Well, the issue with that is that has continued to be holding together the coalition internationally to do this as a world market has been has struggled, right? Economies in different countries, not just ours, have hit a bumpy road. And so this White House is going to continue to focus on that.

And you talk to aids, you know, this is I think people did not expect this to go on as long as it has. But now that it has gone on, you know, at the six-month mark, you talked to folks, I think that it could go through the winter and in the Ukraine when it will be a lot harder to do some of these things. And I think that is concerning for the world writ large.

And for White House that did not want to spend a lot of time focusing on Europe. They wanted to spend a lot of time in their foreign policy arm focusing on China and the kinds of things that China can do and we should be in they feel that we should be stopping them from doing and I will say this are helping Ukraine is also a part of that, right, and make giving everything to Ukraine so that China realizes that if they were to invade Taiwan, if they wanted to invade Taiwan, America would, you know, possibly give support to Taiwan.

MENENDEZ: To say nothing of the Ukrainians that have been displaced and lost so much. Jackie Alemany, Eugene Daniels, Barbara McQuade, thank you all so much for getting us started.

Coming up, the president keeps a campaign promise forgiveness of a portion of federal student loan debt. One more thing Democrats hope to campaign on. We`ve got a member of Congress who was also a student borrower himself, next.

And later, a closer look at just who`s been making big money from the big lie deep in the heart of Texas. THE 11TH HOUR just getting underway on a Wednesday night.




UNIDENTIFIED MALE: The news today will give millions of Americans a significant financial boost while fulfilling a Biden campaign pledge.

BIDEN: Provide more breathing room for people so they less burdened by student debt.

UNIDENTIFIED MALE: President Biden says the government will forgive federal student loan debt of up to $10,000. For those earning less than $125,000 a year, Pell Grant recipients will get $20,000 in loan forgiveness.


MENENDEZ: Today`s announcement on student debt cancellation was welcome news to a great many borrowers and not just graduates. As NBC News reports the debt forgiveness applies to undergraduate, graduate and Parent Plus loans.

With us tonight California Congressman Ro Khanna. He personally took out more than $100,000 in student loans is the same struggles to make those monthly payments. Congressman, you carried student debt yourself. How big is this for borrowers?

REP. RO KHANNA (D-CA) OVERSIGHT AND REFORM COMMITTEE: It`s a big significant step. It`s long overdue. You know I took out over $100,000 of loans. There was a year I couldn`t pay it back. I had to take forbearance. Now I was fortunate I was able to pay my student loans back.

But you know what? I don`t have any resentment that other people other Americans shouldn`t have to go through the same hardships that I did. I mean, it`s crazy in this country. No other Western democracy makes young people take out 3040 $50,000 of debt to finish their education. I`m glad the President did this.

MENENDEZ: All right.

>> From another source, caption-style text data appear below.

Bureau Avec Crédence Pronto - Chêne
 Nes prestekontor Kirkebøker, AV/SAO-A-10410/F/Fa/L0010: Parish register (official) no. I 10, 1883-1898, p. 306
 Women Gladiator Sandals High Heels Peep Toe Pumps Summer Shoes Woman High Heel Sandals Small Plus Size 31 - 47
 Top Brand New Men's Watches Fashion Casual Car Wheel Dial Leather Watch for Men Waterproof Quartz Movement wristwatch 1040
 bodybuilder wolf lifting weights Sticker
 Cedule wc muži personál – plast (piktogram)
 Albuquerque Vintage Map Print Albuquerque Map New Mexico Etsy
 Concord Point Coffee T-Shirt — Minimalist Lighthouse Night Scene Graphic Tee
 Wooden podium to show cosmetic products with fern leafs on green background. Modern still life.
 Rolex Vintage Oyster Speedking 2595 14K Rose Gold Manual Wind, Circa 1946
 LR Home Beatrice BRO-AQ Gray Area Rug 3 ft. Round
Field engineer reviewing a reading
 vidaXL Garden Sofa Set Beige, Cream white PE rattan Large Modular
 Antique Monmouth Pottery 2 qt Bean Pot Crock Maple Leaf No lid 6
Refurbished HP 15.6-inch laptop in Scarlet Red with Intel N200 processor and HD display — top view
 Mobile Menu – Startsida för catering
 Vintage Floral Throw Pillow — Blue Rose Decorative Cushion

The big headline on this plan is the lump sum cancellation $10,000 or $20,000 depending on if you have Pell grants but it also extends the payback pause through the end of the year it caps monthly payments at 5 percent of income, some of that fine print, how important is that?


KHANNA: Well, it`s very important, especially right now where you have rents having increased or you have gas prices up food prices, young people, people who are trying to make ends meet, they, as it is, are struggling. And so to ask them to be paying back their student loans right now with a difficult economy is just wrong. And I`m glad that the President is extending that time so that they can make their living expenses and not have the burden of paying back the student loans.

MENENDEZ: You alluded to this earlier, but the President was asked about the fairness of this policy after today`s announcement, take a listen.


UNIDENTIFIED MALE: Mr. President, is it unfair to people who pay their student loans, or chose not to take out loans?

BIDEN: Is it fair to people who, in fact, do not own multi-billion-dollar businesses if they see one of these guys getting all the tax breaks. Is that fair? What you think?


MENENDEZ: Congressman, you know, I know you`re going to hear this fairness argument over and over again, between now and November, your thoughts on the best way to push back?

KHANNA: Well, I understand that their parents in this country sacrifices who struggle, so that their kids could go to college. I understand that they`re young people who took two, three jobs to pay a college and I have so much admiration for them. I respect their resilience. And that`s something that they will always be proud of.

But just because they had to go through hardships, just because they had to do something that was unfair taking out $40,000, $50,000 doesn`t mean that`s the way it should always be. America`s a nation where we make progress for the hardships of previous generations don`t have to be the hardships of future generations.

So I think we have to respect their sacrifice, but say that we can do better, and then no person should have to go into that kind of debt ever again.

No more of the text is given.